Essential Vaccine #1: Flu
You know the symptoms—feverish chills, sniffling, sneezing, a sore throat, and aches and pains that leave you flat on your back. Most people get over it, but the flu is highly contagious and can be deadly for certain groups of people, so adding this to the top of your vaccination list is a must.
“Everybody six months and older should get vaccinated against seasonal flu, especially now in the midst of the coronavirus pandemic,” says Ann Marie Pettis, RN, director of infection prevention at the University of Rochester Medicine-Highland Hospital and president-elect of the Association for Professionals in Infection Control and Epidemiology. “Often, coronavirus symptoms are almost identical to early flu symptoms, so it’s important to rule out flu whenever possible.”
Who needs it: Everyone, but especially adults ages 65 and older, or anyone with a chronic lung condition, heart disease, or diabetes. If you’re an older adult, your doctor may want you to have a high-dose vaccine.
When to get it: Because the vaccine takes a few weeks to become effective, get it as soon as it’s available in your area; the best time is usually September or October. But if you miss it in fall, don’t worry: Just make sure you get it later in the season.
Essential Vaccine #2: Tdap or Td Booster
This vaccine protects against three potentially deadly diseases:
- Tetanus, which causes painful muscle stiffness and can lead to difficulty breathing or swallowing
- Diphtheria, which may lead to heart failure or paralysis
- Pertussis, or whooping cough, which causes violent, uncontrollable coughing that can make breathing a struggle
Diphtheria and pertussis can spread from person to person through coughing and sneezing; tetanus is transmitted through breaks in the skin.
Who needs it: Everyone.
When to get it: If you’ve never had a Tdap shot, get one as soon as possible. If you’ve previously had one, get a Td booster every 10 years. And if you get a severe cut or burn, but can’t remember the last time you received either vaccination, check in with your doctor straight away.

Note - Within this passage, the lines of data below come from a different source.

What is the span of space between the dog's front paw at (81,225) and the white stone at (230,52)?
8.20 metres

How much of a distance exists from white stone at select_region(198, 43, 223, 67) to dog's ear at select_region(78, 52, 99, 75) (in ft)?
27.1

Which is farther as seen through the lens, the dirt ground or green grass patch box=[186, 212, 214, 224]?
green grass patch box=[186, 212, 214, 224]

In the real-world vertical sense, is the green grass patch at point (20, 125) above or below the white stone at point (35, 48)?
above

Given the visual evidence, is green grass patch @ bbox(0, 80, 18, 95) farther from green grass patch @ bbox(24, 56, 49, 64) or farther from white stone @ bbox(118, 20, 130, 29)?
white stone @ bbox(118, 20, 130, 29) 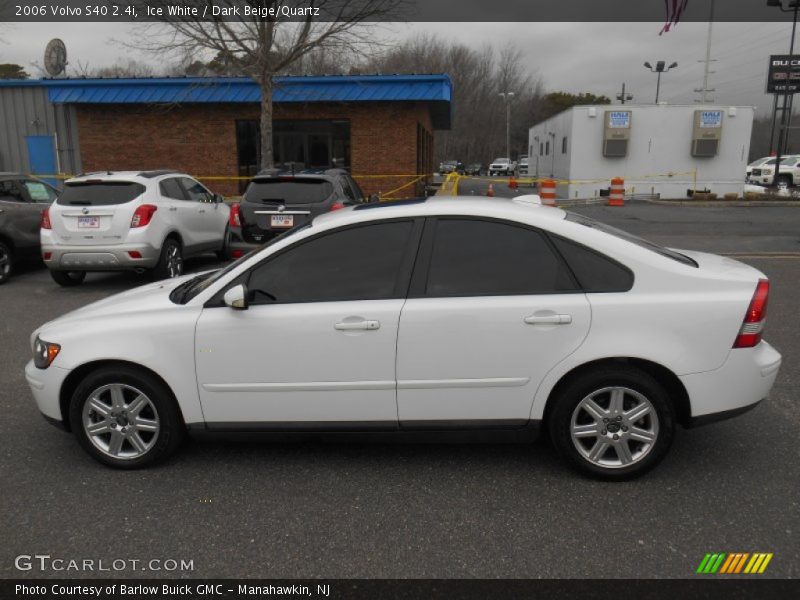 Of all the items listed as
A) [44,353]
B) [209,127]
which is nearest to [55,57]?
[209,127]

Essential Vaccine #3: Chickenpox and Shingles
Both of these conditions have the same culprit: the varicella-zoster virus (VZV). After having chickenpox, the virus remains inactive in the body and can flare up as shingles later in life.
Who needs it: If you had chickenpox (varicella) as a kid, you probably remember it as an itchy, miserable week of your life. If you didn’t have it, you’ll need a chickenpox vaccine now. And if you’re 50 or older, experts recommend two doses of Shingrix, which provides long-lasting protection. If you’ve had a different version of the shingles shot, your doctor may recommend that you get revaccinated.

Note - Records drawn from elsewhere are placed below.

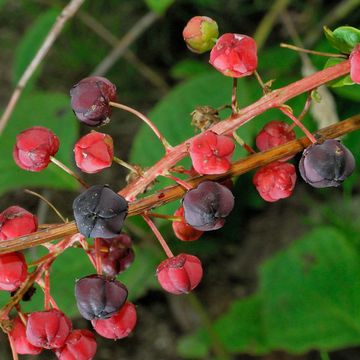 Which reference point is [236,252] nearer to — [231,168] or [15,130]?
[15,130]

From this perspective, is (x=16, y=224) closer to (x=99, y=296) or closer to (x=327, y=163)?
(x=99, y=296)

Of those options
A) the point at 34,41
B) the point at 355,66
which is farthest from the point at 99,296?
the point at 34,41

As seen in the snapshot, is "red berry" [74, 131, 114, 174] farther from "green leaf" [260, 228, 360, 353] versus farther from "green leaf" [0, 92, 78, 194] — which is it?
"green leaf" [260, 228, 360, 353]

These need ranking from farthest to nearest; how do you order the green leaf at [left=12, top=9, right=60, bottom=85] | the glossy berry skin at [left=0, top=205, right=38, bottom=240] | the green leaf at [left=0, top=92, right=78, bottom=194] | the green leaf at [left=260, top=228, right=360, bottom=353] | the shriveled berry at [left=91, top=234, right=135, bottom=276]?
the green leaf at [left=12, top=9, right=60, bottom=85], the green leaf at [left=260, top=228, right=360, bottom=353], the green leaf at [left=0, top=92, right=78, bottom=194], the shriveled berry at [left=91, top=234, right=135, bottom=276], the glossy berry skin at [left=0, top=205, right=38, bottom=240]

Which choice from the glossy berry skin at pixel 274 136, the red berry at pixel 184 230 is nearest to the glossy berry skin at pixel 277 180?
the glossy berry skin at pixel 274 136

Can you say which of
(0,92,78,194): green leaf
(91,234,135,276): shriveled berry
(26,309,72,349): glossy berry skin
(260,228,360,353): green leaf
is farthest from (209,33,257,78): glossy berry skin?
(260,228,360,353): green leaf

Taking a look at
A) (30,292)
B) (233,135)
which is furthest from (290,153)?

When to get it: Talk to your doctor about when to schedule this vaccine if you’re also planning to get a COVID vaccine around the same time.

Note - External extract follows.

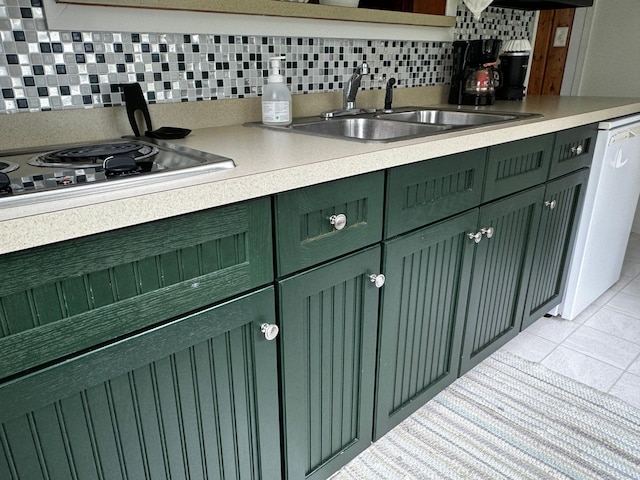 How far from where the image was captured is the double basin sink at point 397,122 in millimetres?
1387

Essential Vaccine #4: Pneumonia
The pneumococcal vaccine protects against dangerous infections of the bloodstream and lungs, including pneumonia. Pneumococcal disease is common in kids—but it can be extremely dangerous in older adults.
Who needs it: All adults ages 65 and older, and some younger people (with certain health conditions).
When to get it: You’ve most likely already been vaccinated, but it’s important to check with your provider to be sure. There are two different pneumococcal vaccines available: PCV13 (Prevnar 13) and PPSV23 (Pneumovax 23). Many adults ages 65 and older get a dose of each, spaced at least a year apart. But depending on your age and health history, your doctor may recommend a different vaccination schedule.
The information in this story is accurate as of press time and posting. To limit the spread of the coronavirus, it’s important to continue practicing social distancing (keeping at least 6 feet away from people outside your household) and washing your hands frequently. You should also be appropriately masked per CDC guidelines. Because the situation surrounding COVID-19 continues to evolve, we encourage readers to follow the news and recommendations for their own communities by using the resources from the CDC, WHO, and their local public health department.